Circle
2026-07-03 23:31:01Circle CEO Responds to OUSD Challenge as Stablecoin Competition Shifts to Network Effects, Liquidity and Regulation
Circle CEO Jeremy Allaire has pushed back against concerns that Open Standard’s upcoming Open USD could meaningfully disrupt USDC’s market position. Responding to investor questions after the June 30 announcement of OUSD, a stablecoin initiative backed by 140 global companies, Allaire argued that stablecoins are not simple issuance products but platform businesses shaped by network effects, liquidity concentration, and regulatory integration. In his view, this structure naturally favors a winner-take-most or winner-take-all outcome, with USDC benefiting from nearly a decade of ecosystem buildout.
Allaire highlighted three pillars behind Circle’s confidence. First, USDC has already been integrated across thousands of applications and services, creating compounding utility for developers, institutions, and end users. Second, Circle has spent years building both primary-market and secondary-market liquidity across exchanges, DeFi venues, payment providers, and regional rails. Citing Artemis, he said USDC processed nearly $30 trillion in on-chain transaction volume in Q1 2026, representing 80% of all blockchain dollar stablecoin transaction activity, while USDT accounted for the remaining 20% and all other dollar stablecoins together remained below 0.5%. Third, he stressed Circle’s regulatory footprint, noting that USDC is currently the only major global stablecoin available across both Europe and Japan.

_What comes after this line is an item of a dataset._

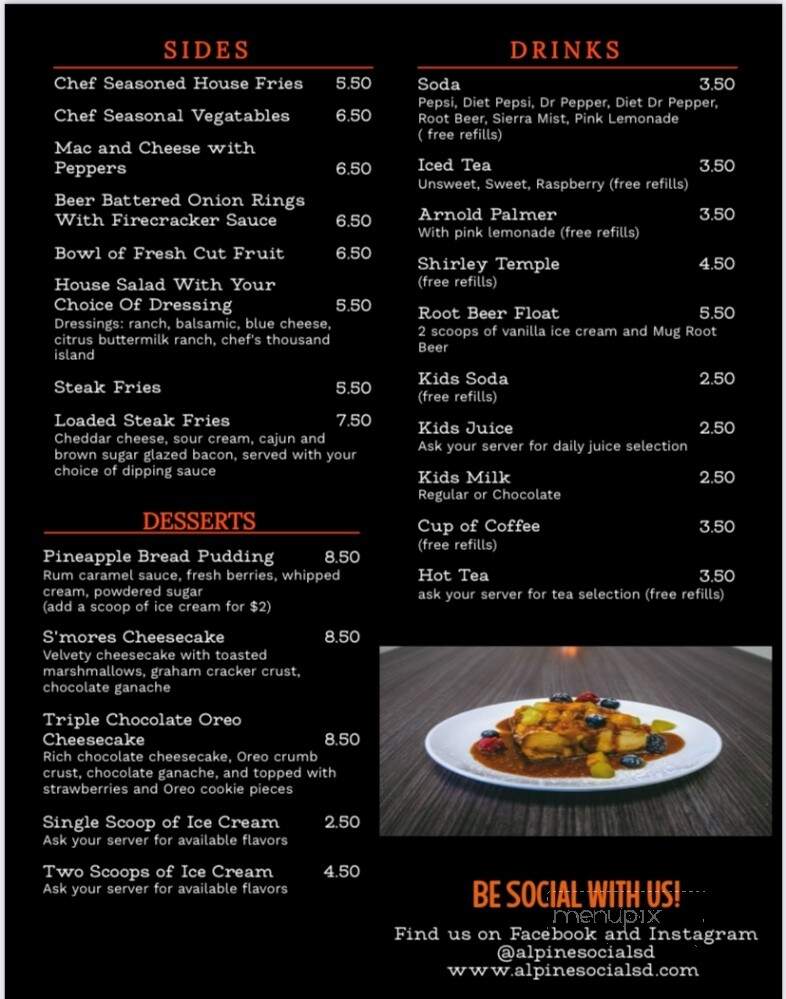 Alpine Social - Alpine, CA menu_pic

He also challenged OUSD’s key selling points, including free mint and redemption, yield-sharing, and consortium governance. According to Allaire, unlimited free redemption may prove unsustainable in real market conditions, while consortium-led products often struggle with incentives, speed, and product execution. He reaffirmed that Circle’s partnership with Coinbase remains strong and said Circle still welcomes OUSD as part of a broader growing stablecoin ecosystem.